> _TASK PROMPT_
Transcribe exactly the lines that begin the material and continue through the line containing "Murray Associates Murray". Leave out whatever follows.

> _EXTRACTED INFORMATION_
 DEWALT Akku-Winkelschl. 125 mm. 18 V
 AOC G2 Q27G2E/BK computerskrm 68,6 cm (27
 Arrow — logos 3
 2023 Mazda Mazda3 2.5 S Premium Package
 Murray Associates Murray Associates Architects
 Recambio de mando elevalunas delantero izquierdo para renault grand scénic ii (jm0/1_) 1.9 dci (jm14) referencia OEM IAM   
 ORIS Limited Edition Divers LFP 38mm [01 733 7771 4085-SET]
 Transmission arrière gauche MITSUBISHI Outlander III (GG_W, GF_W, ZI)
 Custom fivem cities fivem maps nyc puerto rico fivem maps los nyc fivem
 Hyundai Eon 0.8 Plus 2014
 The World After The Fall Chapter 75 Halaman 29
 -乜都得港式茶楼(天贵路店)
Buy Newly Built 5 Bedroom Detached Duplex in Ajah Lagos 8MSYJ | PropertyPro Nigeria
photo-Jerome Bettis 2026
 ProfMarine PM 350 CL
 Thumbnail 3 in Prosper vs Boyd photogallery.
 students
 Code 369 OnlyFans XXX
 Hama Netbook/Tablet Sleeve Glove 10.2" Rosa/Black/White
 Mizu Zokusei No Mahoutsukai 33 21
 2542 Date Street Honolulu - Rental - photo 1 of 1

> _TASK SOLUTION_
 DEWALT Akku-Winkelschl. 125 mm. 18 V
 AOC G2 Q27G2E/BK computerskrm 68,6 cm (27
 Arrow — logos 3
 2023 Mazda Mazda3 2.5 S Premium Package
 Murray Associates Murray Associates Architects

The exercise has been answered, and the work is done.